Armor enchantments in Minecraft are four separate builds that have to work as one set. The core is boring on purpose — Protection IV, Unbreaking III, Mending, four times over — and the actual decisions live on your boots, your helmet, and in three treasure books the enchanting table will never give you.
Here's the full set for Java 26.2: the real math behind Protection, the per-slot picks, and where the treasure enchantments actually drop.
The full set at a glance
| Enchantment | Max | Slot | What it does |
|---|---|---|---|
| Protection | IV | Any | 4% less damage per point; full IV set = 64%, cap 80% |
| Fire Protection | IV | Any | Counts double vs fire/lava + shortens burn time |
| Blast Protection | IV | Any | Counts double vs explosions + less blast knockback |
| Projectile Protection | IV | Any | Counts double vs arrows, tridents, fireballs |
| Feather Falling | IV | Boots | The single biggest fall-damage cut; stacks to the 80% cap |
| Depth Strider | III | Boots | Full walking speed underwater at III (excl. Frost Walker) |
| Respiration | III | Helmet | +15 s of air per level; pairs with Aqua Affinity |
| Swift Sneak | III | Leggings | Near-full speed while sneaking (Ancient City only) |
| Thorns | III | Any | Chance to reflect damage; eats durability — skip on main set |
| Mending | I | Any | XP repairs the piece being worn — armor's forever engine |
The Protection math, in one paragraph
Every protection enchantment grants protection points: plain Protection gives 1 per level, the specialists give 2 per level against their own damage type. Each point shaves 4% off incoming damage, capped at 20 points (80%). Full Protection IV = 16 points = 64% off nearly everything. A full Blast Protection set would be 80% off a creeper blast — and 0% off the skeleton behind it. One protection type per piece, so the default is simple: Protection IV, four times, and let Feather Falling top up the fall-damage cap.

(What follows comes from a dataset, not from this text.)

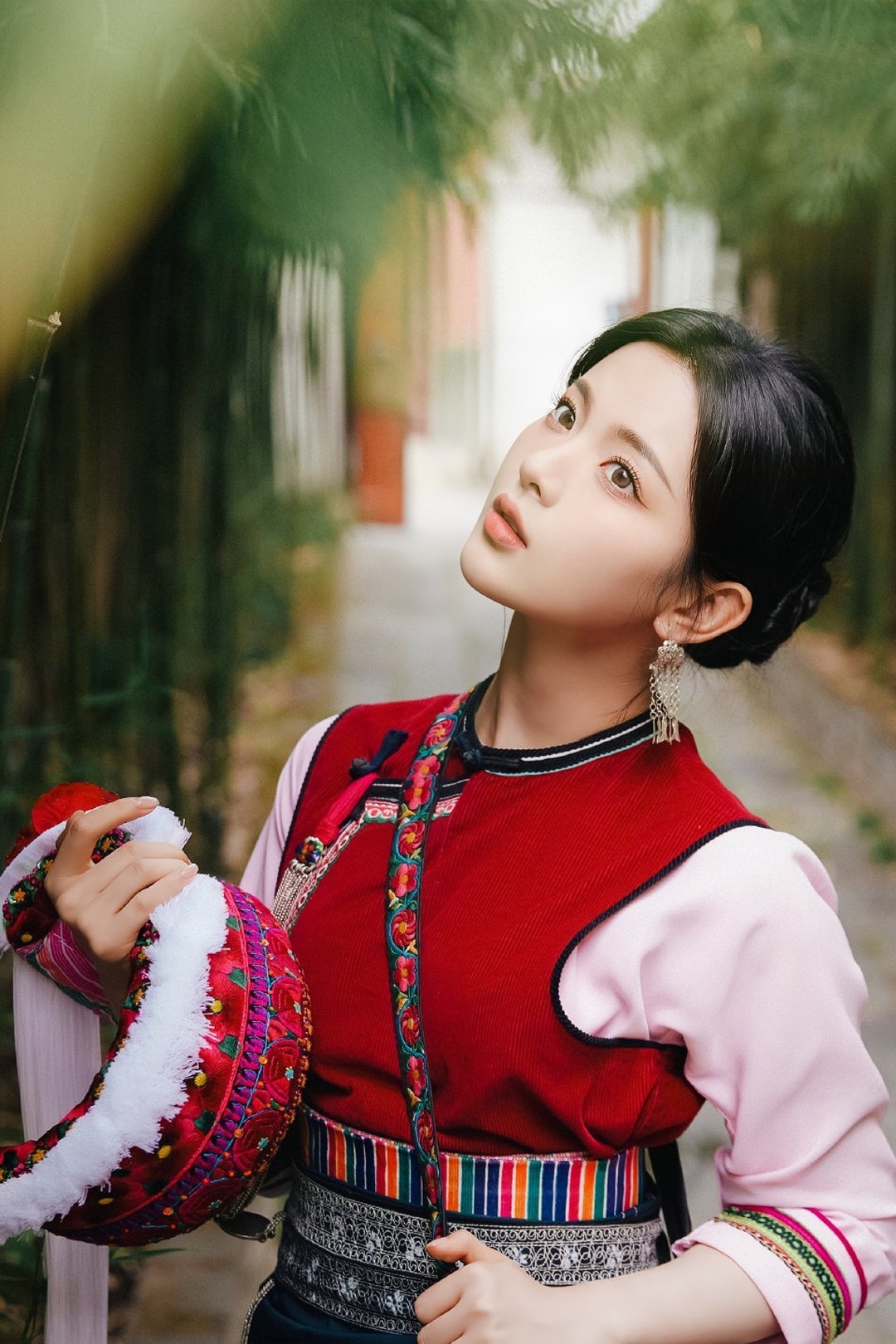 #杨超越[超话]#ycy#杨超越七时吉祥# ycy#杨超越祥云# 你是神殿陨落的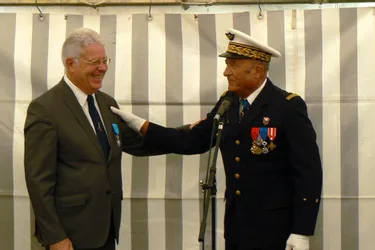 Jean-Daniel Destemberg reçoit l’ordre national du Mérite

Boots are the interesting slot
Feather Falling IV is non-negotiable — with the full set it caps fall damage reduction at 80%. The choice is Depth Strider III (swim like you walk) versus Frost Walker II (walk on frozen water, treasure-only) — they can't coexist. Depth Strider wins for general play; Frost Walker is a commuting trick. Soul Speed (piglin bartering and bastion chests) makes soul sand fast at the price of boot durability — a nether-highway special.
Helmet and leggings
Respiration III adds 45 seconds of air and Aqua Affinity restores normal mining speed underwater — together they make ocean monuments and underwater bases a non-event. Leggings have exactly one special: Swift Sneak, exclusive to Ancient City loot, which turns the deep dark's mandatory crouch-walking from a crawl into a stroll. If you see the book, take the detour.
Thorns: the trap pick
Thorns III sounds free — attackers take damage for hitting you. In practice each proc spends extra durability from the armor, the reflected damage is a dice roll, and it does nothing to stop the hit itself. Put those levels into a real enchantment. The one home Thorns has: AFK fish-farm armor, where Mending repairs faster than Thorns spends.
Common mistakes
- Mixing protection types across the set to "cover everything" — you end up under the cap against everything instead of at 64% against everything.
- No Mending on a piece. One unmended piece quietly dies while the rest of the set lives forever.
- Enchanting armor before you have the treasure books. Adding Mending or Swift Sneak later costs prior-work penalty — collect first, combine once.
- Frost Walker on your only boots. It replaces Depth Strider and turns every ocean swim into a slog.